**Task to carry out**
Print only the lines from the one with "Bruid en bruidegom" through the end of the data, exactly, and please omit pictures.

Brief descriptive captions

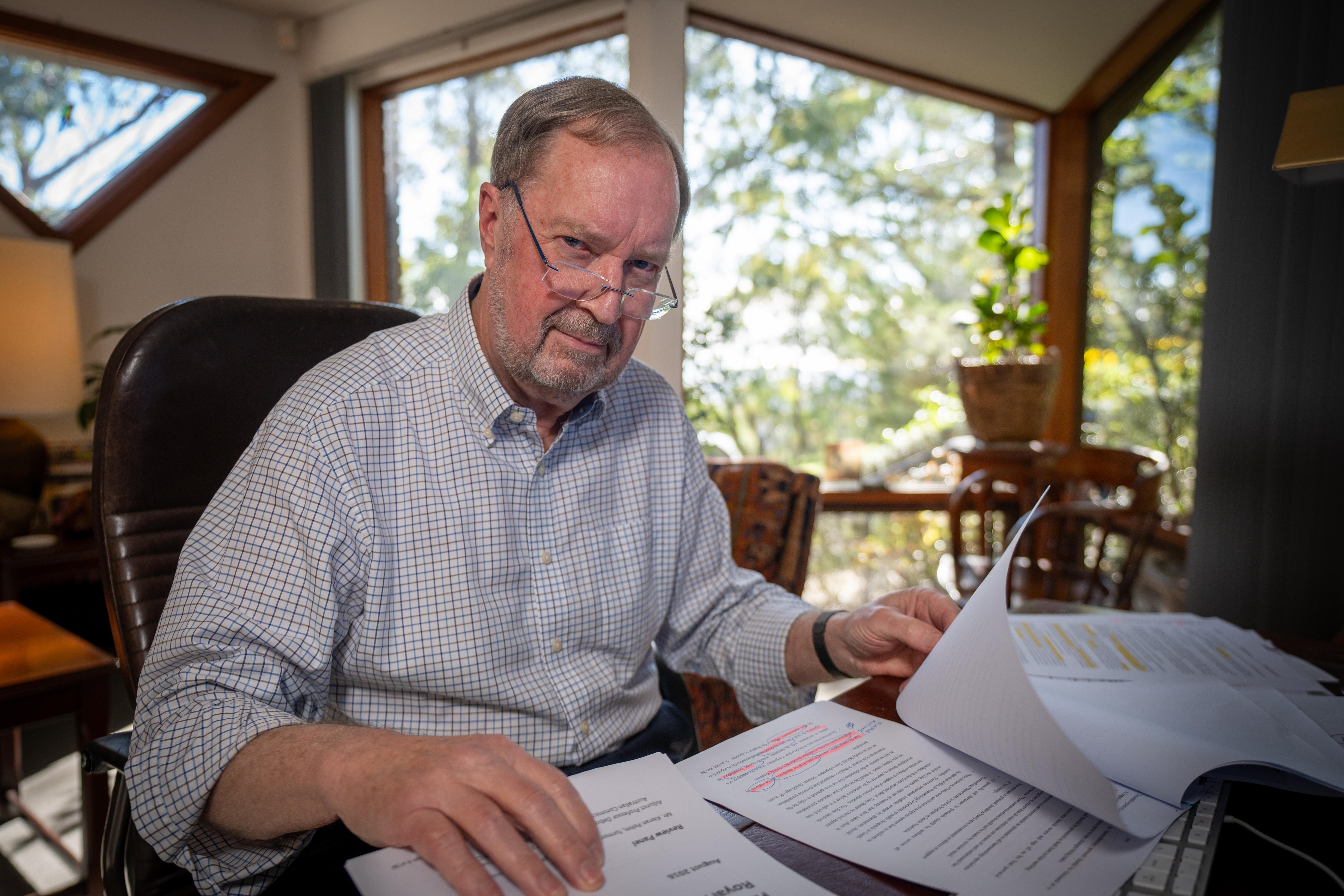 A man wearing glasses flicking through papers looking at the camera. 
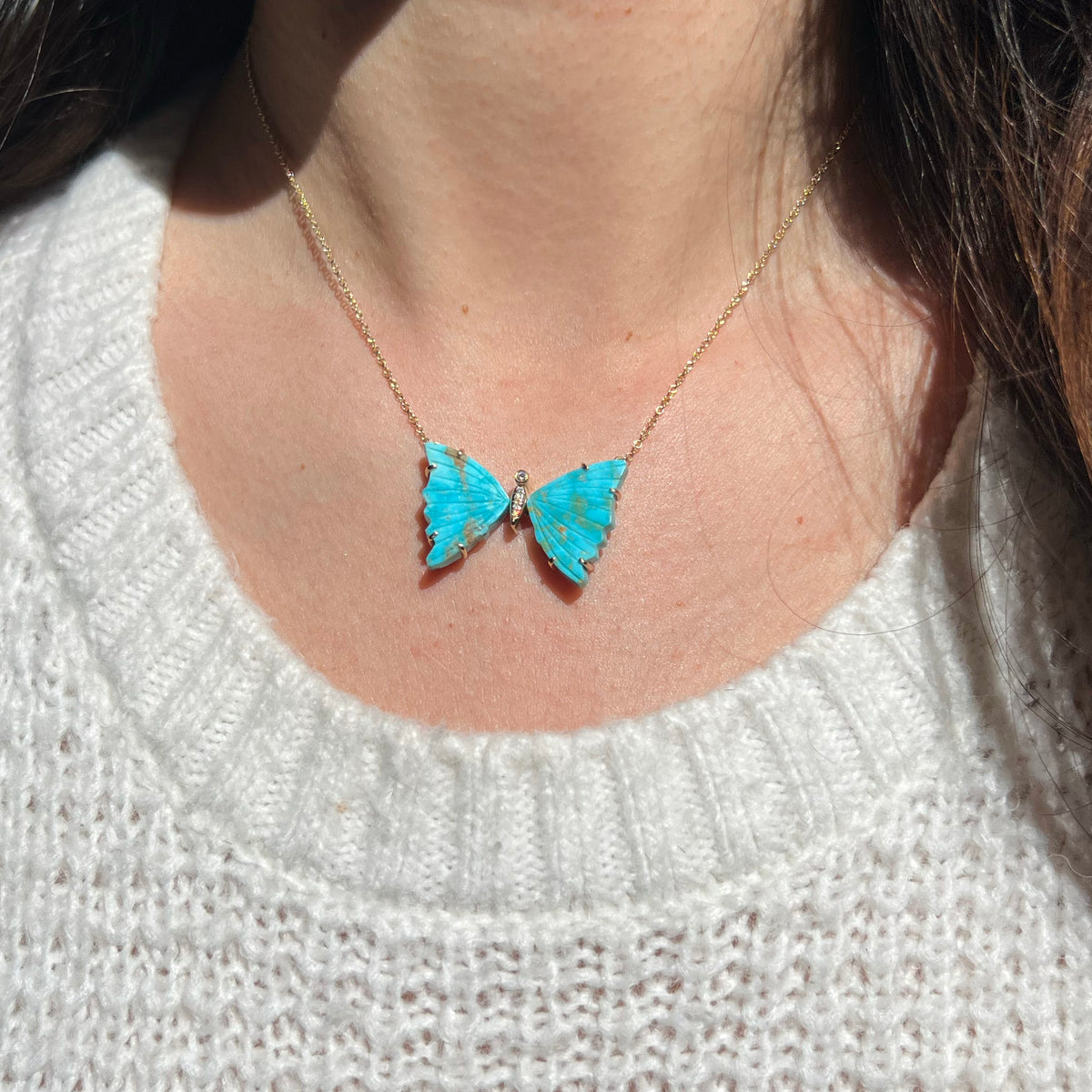 large turquoise butterfly necklace with diamonds and prongs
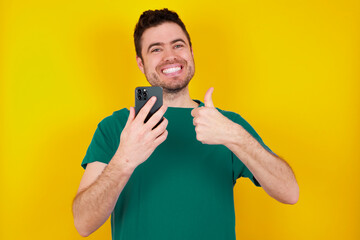 Portrait of young handsome caucasian man wearing green t-shirt against yellow background using and texting with smartphone  happy with big smile doing ok sign, thumb up with fingers, excellent sign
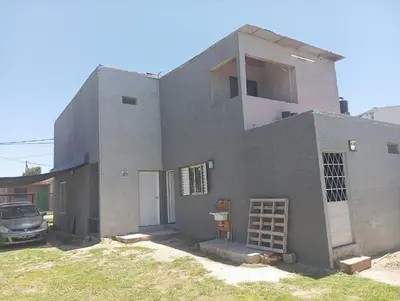 a gray house with a car parked in front of it at Monoambiente cosquin in Cosquín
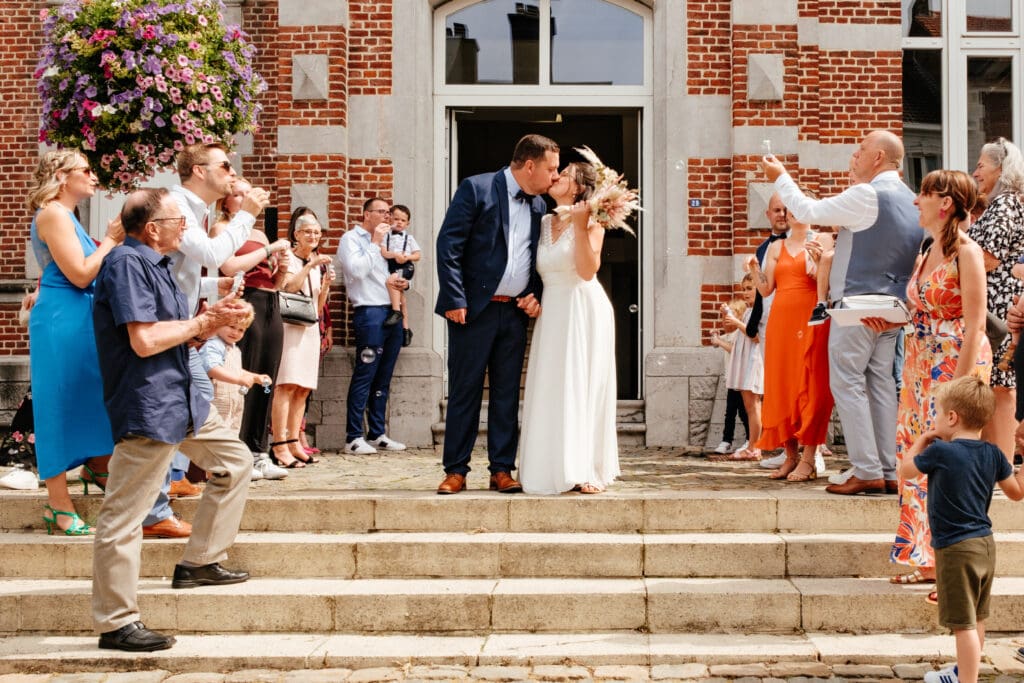 Bruid en bruidegom kussen elkaar voor stadhuis van Landen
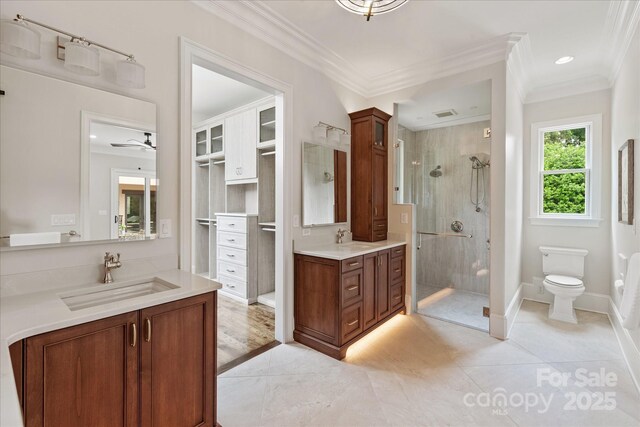 1501 Alydar Ct, Waxhaw, NC 28173 - full bath featuring a shower stall, ornamental molding, two vanities, tile patterned flooring, and toilet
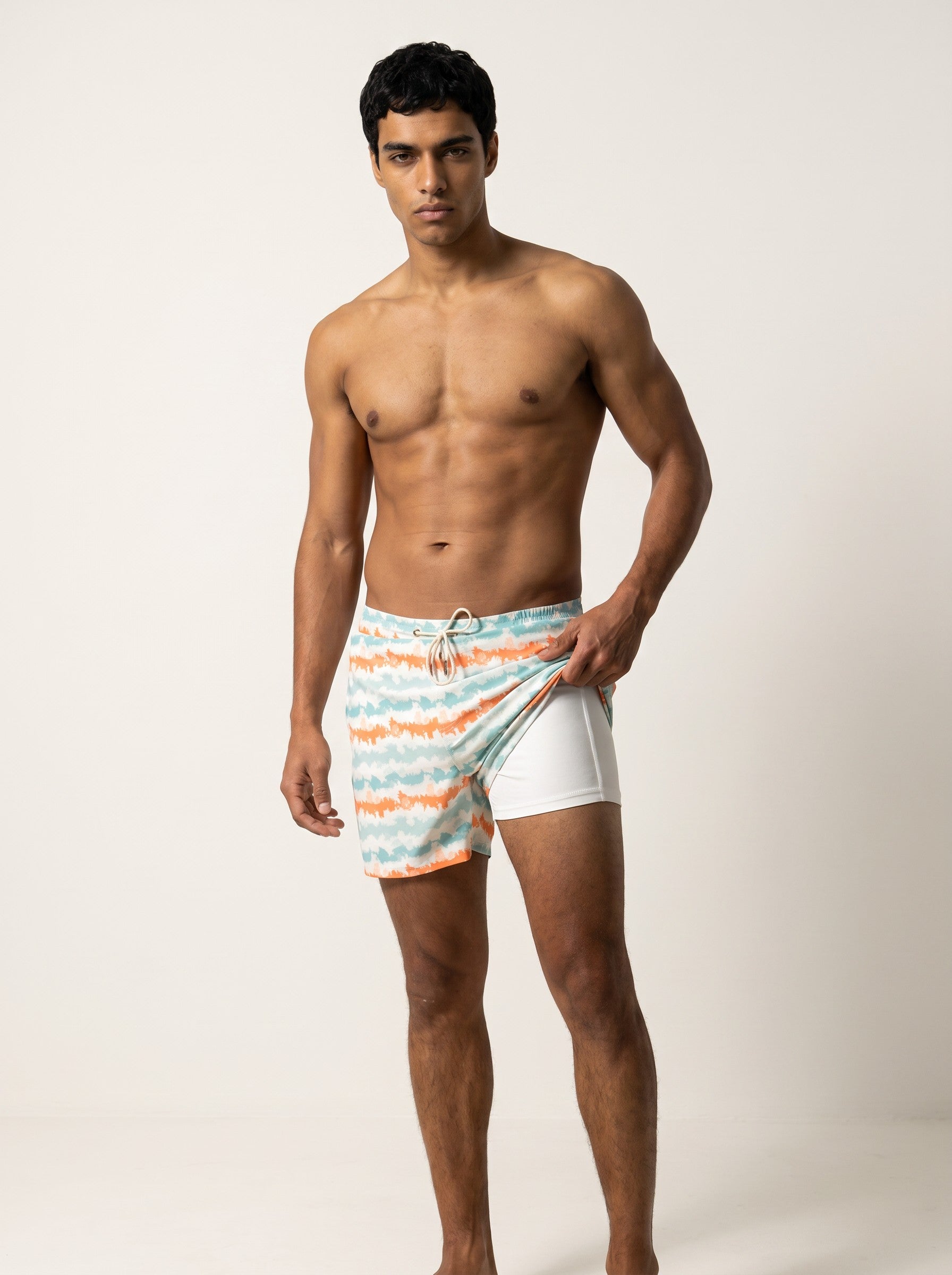 Man wearing coral and aqua striped Jack Rabbit Swims swim shorts, showing white inner lining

**Written answer**
 Bruid en bruidegom kussen elkaar voor stadhuis van Landen
 1501 Alydar Ct, Waxhaw, NC 28173 - full bath featuring a shower stall, ornamental molding, two vanities, tile patterned flooring, and toilet
 Man wearing coral and aqua striped Jack Rabbit Swims swim shorts, showing white inner lining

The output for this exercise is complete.